Seagate Wireless Plus 2TB Review

Seagate’s updated wireless drive gives you a lot of capacity in a portable form factor, along with cloud sync features.
I reviewed the Wireless Plus almost exactly a year ago in its 1TB variant. At the time, I thought it was a reasonable if somewhat niche device to allow you to tether a lot of your own data to a portable tablet or smartphone.

This is, admittedly, a picture of the 1TB box. But the 2014 model offers a bit more than just scrawling "2" on the side.
This is, admittedly, a picture of the 1TB box. But the 2014 model offers a bit more than just scrawling “2” on the side.

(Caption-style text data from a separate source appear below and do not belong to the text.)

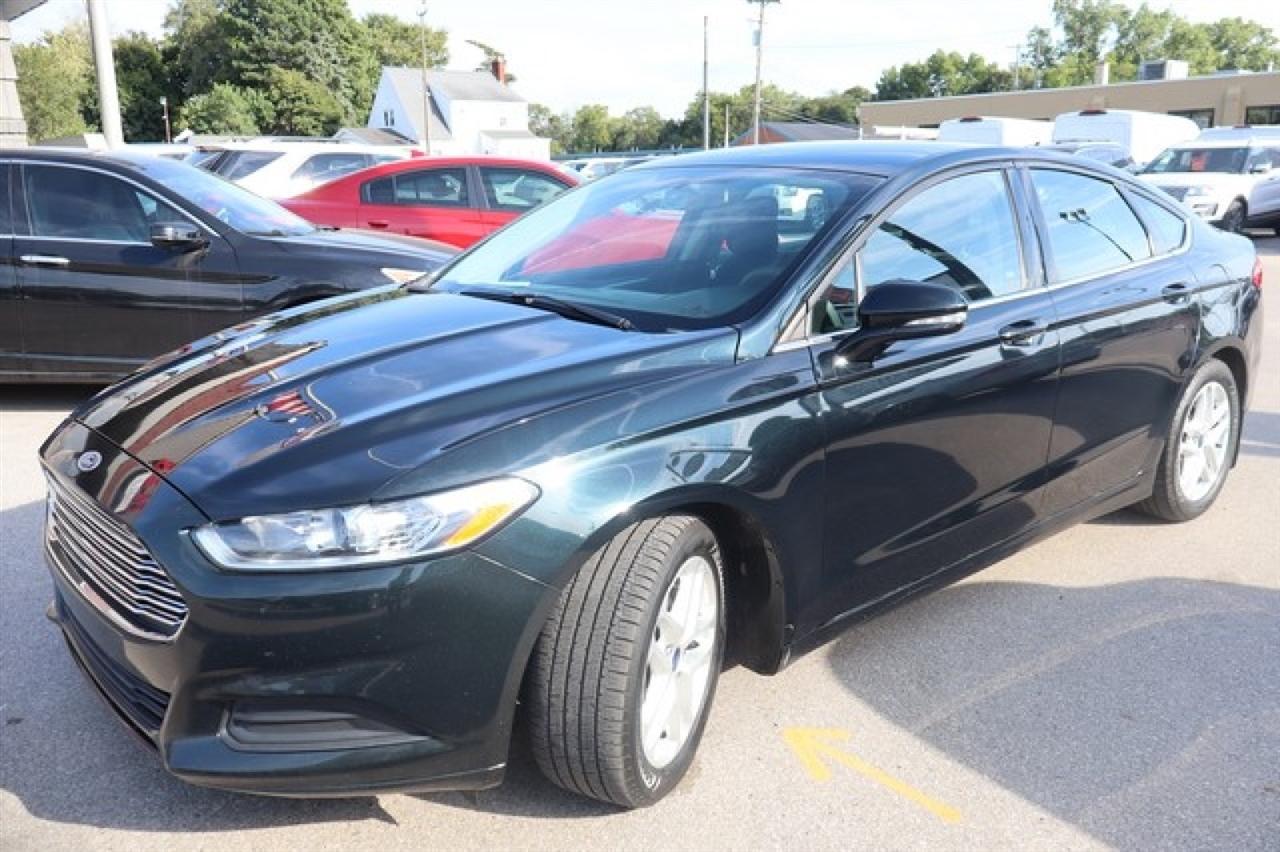 Ford Fusion  2014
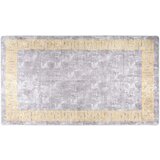 vidaXL perivi tepih 190 x 300 cm sivi protuklizni | shoptok.hr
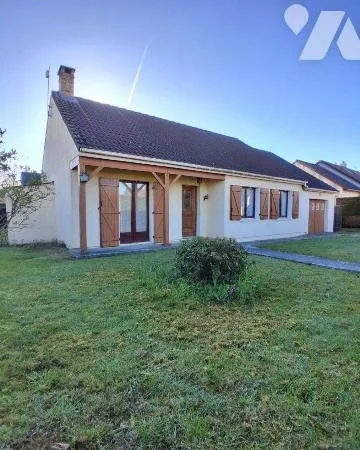Maison 5 pièces 82 m²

There’s the obvious point that the 2TB version offers a lot more storage capacity. Quite a bit more, in fact, and while it’s true that people will find new and innovative ways to fill storage space as and when it’s given to them, it’s also an undeniable truth that what the Seagate Wireless Plus will get filled with are movies and TV shows — legitimate or not.
The Wireless Plus does support iTunes movies via iPad connection, although oddly as I discovered in my testing, it does so by opening them as a Safari tab rather than as the native media player.
When I reviewed last year’s model I was struck by how it offered a Wi-Fi passthrough option, but it wasn’t very good or very stable. Connecting to the Seagate Wireless Plus 2TB involves hooking into its Wi-Fi connection, which by default leaves you with no other connection. You can then set a passthrough connection to your actual Internet connection.
Wi-Fi light? CHECK. Power light? CHECK. That's it. We're all out of lights.
Wi-Fi light?
Power light?
That’s it. We’re all out of lights.

On the previous model this was fiddly to implement and fell over often, and I’m happy to report that this has been fixed with the 2014 Seagate Wireless Plus 2TB. One word to the wise here though. By default the Wireless Plus sets its Wi-Fi connection up with no security enabled, which means that while you access your own files, you’re also opening them up to everybody else as well.
Seagate’s Wireless App remains relatively plain, and on the iOS side of the fence relies largely on the inbuilt player. It does offer the option to set up a dedicated folder for Google Drive and/or Dropbox synchronisation, which gives it a certain level of backup and access security.
There’s been little done with the aesthetics of the drive itself, although given its Wi-Fi connection status that might not be too much of a problem for you. It’s entirely feasible to run the Seagate Wireless Plus 2TB drive from a bag or large pocket without showing it off at all.
This is the Seagate Wireless Plus 2TB's good side. Says it all, doesn't it?
This is the Seagate Wireless Plus 2TB’s good side. Says it all, doesn’t it?

At $279 for a 2TB drive, the Seagate Wireless Plus remains a slightly expensive niche play of most interest to heavy travellers. Seagate does still offer a 1TB version at $219, but the small price drop doesn’t make a lot of sense there. It’s still not a drive for everybody, but it’s significantly improved over last year’s model.